What the task requires:
Copy every entry exactly as given, minus the images.

==== Material provided

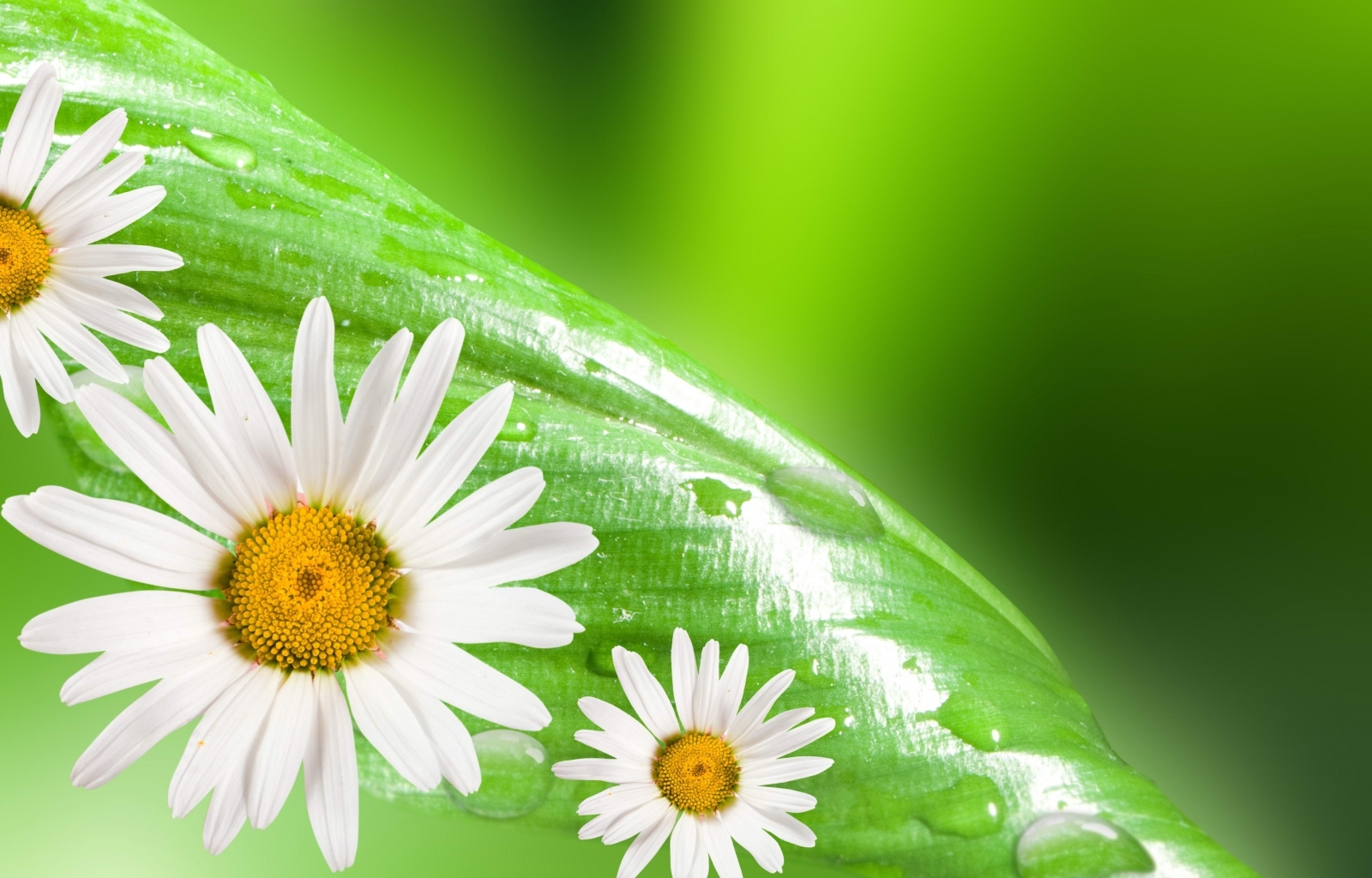 Download mobile wallpaper Leaves, Camomile, Plants, Flowers, Background for free.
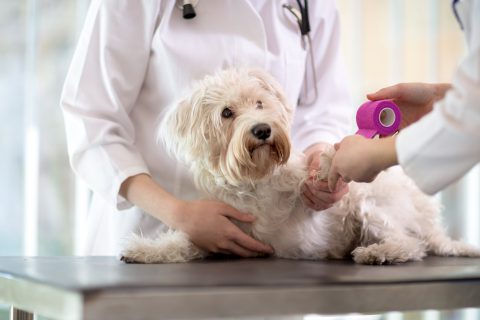 perro en el veterinario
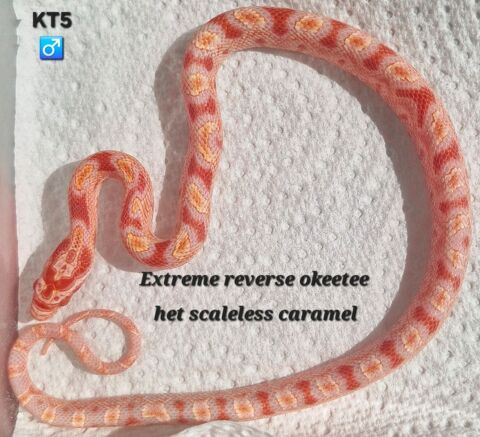 Pantherophis okeetee 100% het scaleless 70 94380 Bonneuil-sur-marne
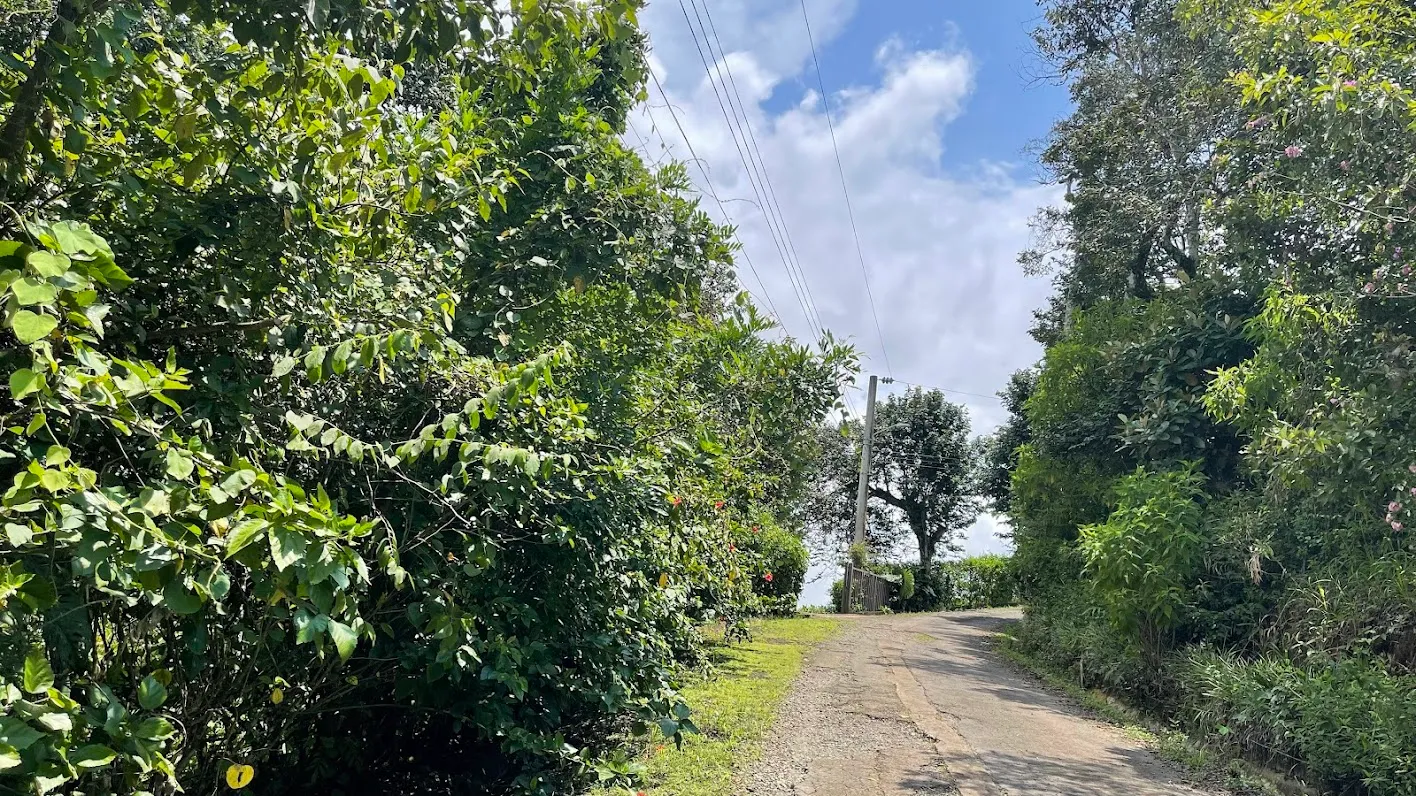 LOT FOR SALE IN SAN PEDRO, SAN RAMON - image 10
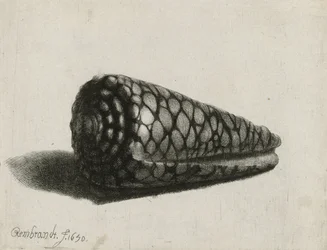 Die Muschel (Conus marmoreus) (1650)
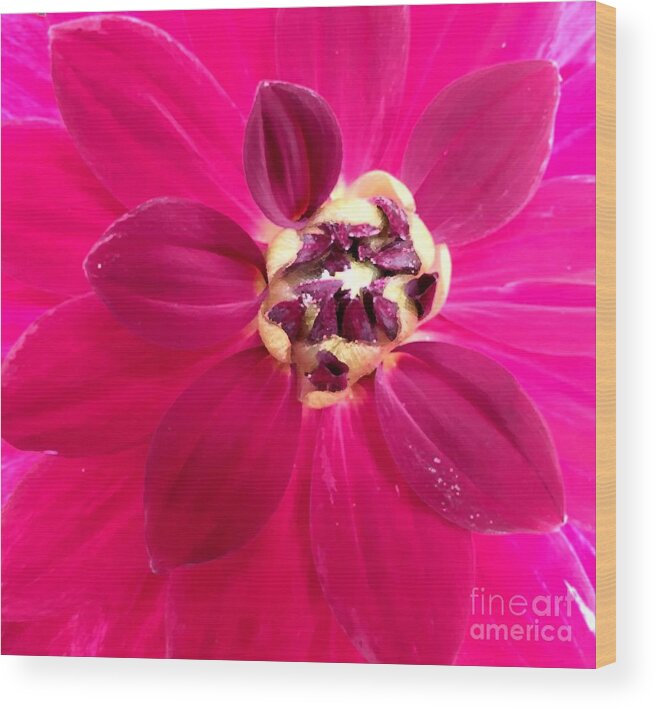 Bud Wood Print featuring the photograph Centre Stage Pink by Tracey Lee Cassin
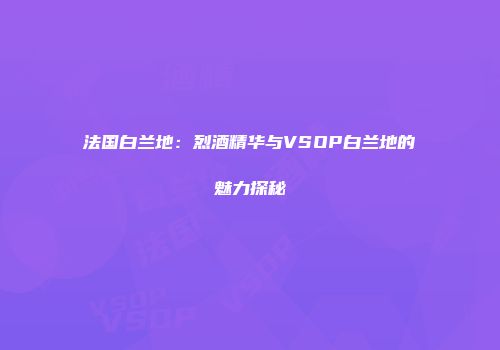 法国白兰地：烈酒精华与VSOP白兰地的魅力探秘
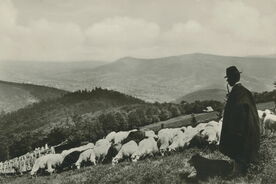 1. Bača dohlíží na stádo ovcí pod Polomem, 60. léta 20. století / A shepherd watching over a flock of sheep beneath the mountain Polom, the 1960s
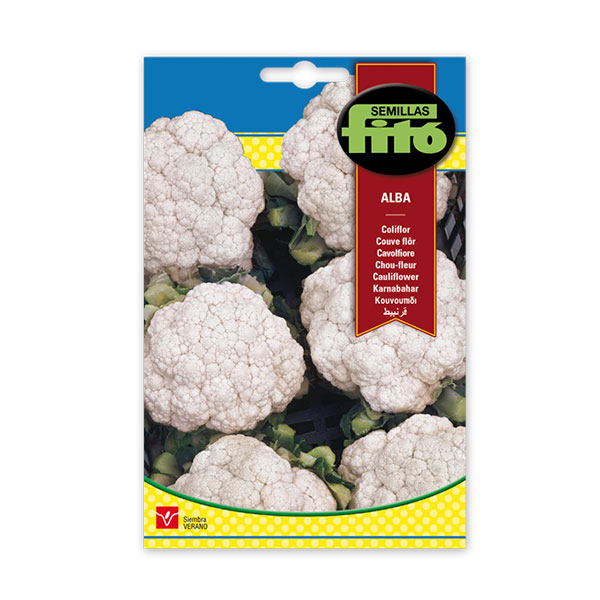 COLIFLOR ALBA-SUPERBOL-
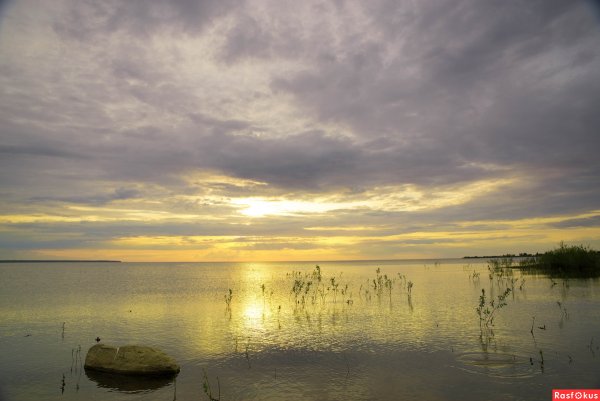 Рыбинское водохранилище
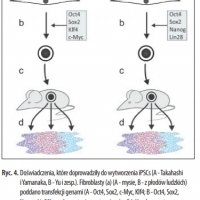 Tymi genami były Oct4, Sox2, c-Myc i Klf4, kodujące białka nazwane później czynnikami Yamanaki.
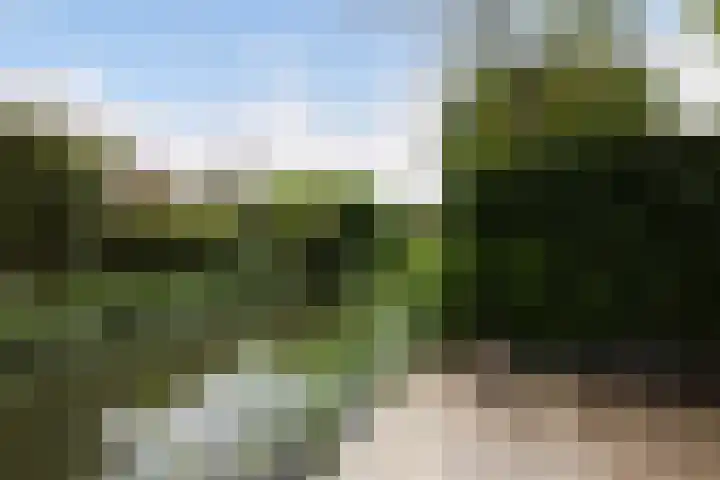 Bandhaak 10 Papendrecht thumbnail 39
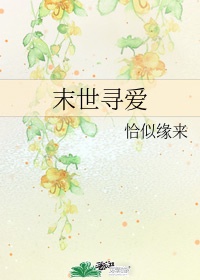 魔兽世界怀旧服圣骑士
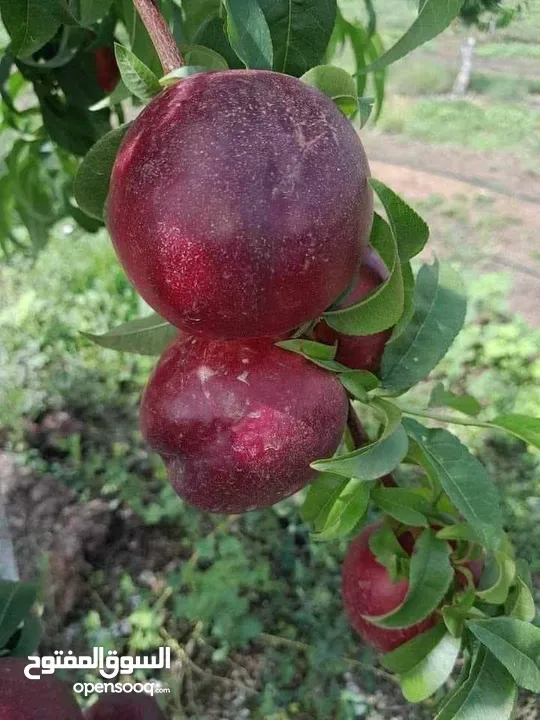 عروض علا جميع أنواع الأشجار اشتري كل 10شجرات واحصل على شجرتين مجاني والتوصيل مجانا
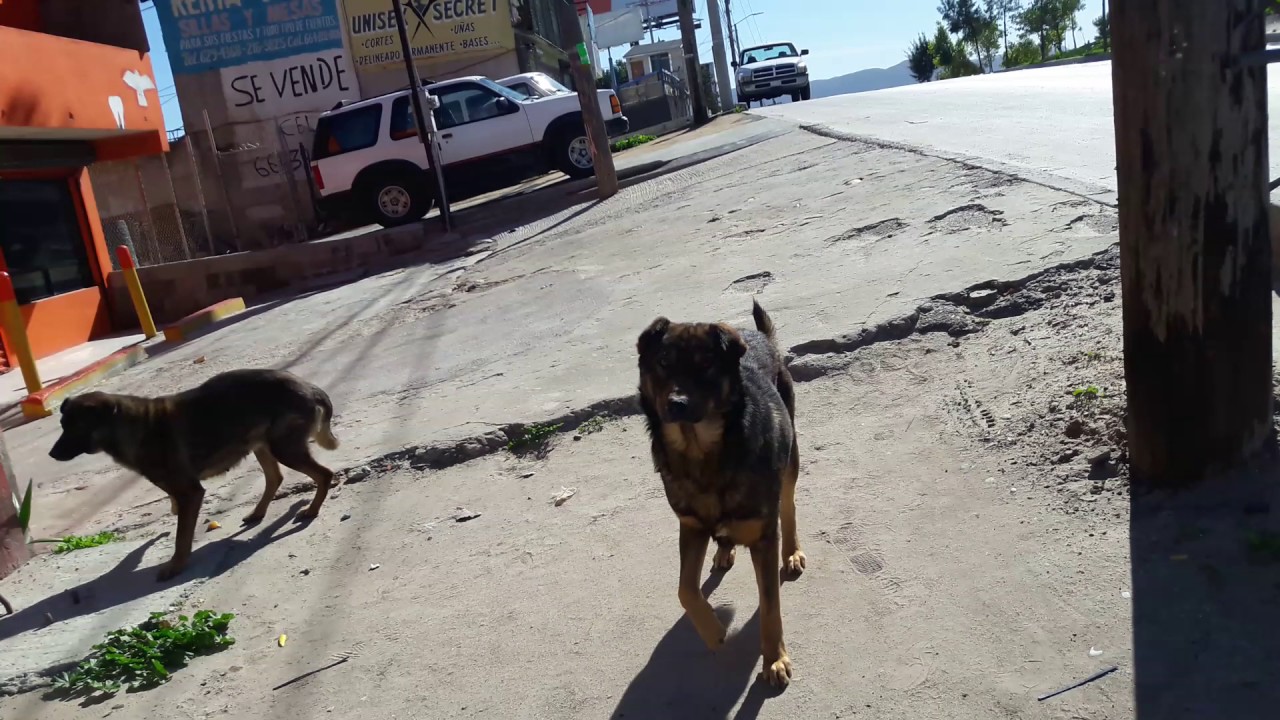 Dazer II auyentador de perros
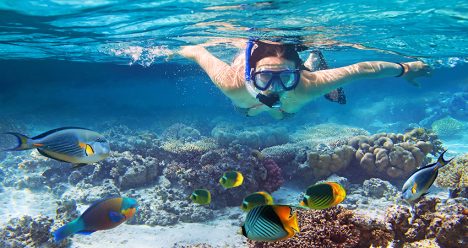 zbor ieftin, vacanta ieftina, vacanta egipt, vacanta sharm el sheikh, vacanta all inclusive, travelator.ro, pont calatorie, diy, egipt, sharm el sheikh, zboruri ieftine, vacante ieftine, zboruri si vacante ieftine, vacanta ieftina egipt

========

Result of the exercise:
 Download mobile wallpaper Leaves, Camomile, Plants, Flowers, Background for free.
 perro en el veterinario
 Pantherophis okeetee 100% het scaleless 70 94380 Bonneuil-sur-marne
 LOT FOR SALE IN SAN PEDRO, SAN RAMON - image 10
 Die Muschel (Conus marmoreus) (1650)
 Bud Wood Print featuring the photograph Centre Stage Pink by Tracey Lee Cassin
 法国白兰地：烈酒精华与VSOP白兰地的魅力探秘
 1. Bača dohlíží na stádo ovcí pod Polomem, 60. léta 20. století / A shepherd watching over a flock of sheep beneath the mountain Polom, the 1960s
 COLIFLOR ALBA-SUPERBOL-
 Рыбинское водохранилище
 Tymi genami były Oct4, Sox2, c-Myc i Klf4, kodujące białka nazwane później czynnikami Yamanaki.
 Bandhaak 10 Papendrecht thumbnail 39
 魔兽世界怀旧服圣骑士
 عروض علا جميع أنواع الأشجار اشتري كل 10شجرات واحصل على شجرتين مجاني والتوصيل مجانا
 Dazer II auyentador de perros
 zbor ieftin, vacanta ieftina, vacanta egipt, vacanta sharm el sheikh, vacanta all inclusive, travelator.ro, pont calatorie, diy, egipt, sharm el sheikh, zboruri ieftine, vacante ieftine, zboruri si vacante ieftine, vacanta ieftina egipt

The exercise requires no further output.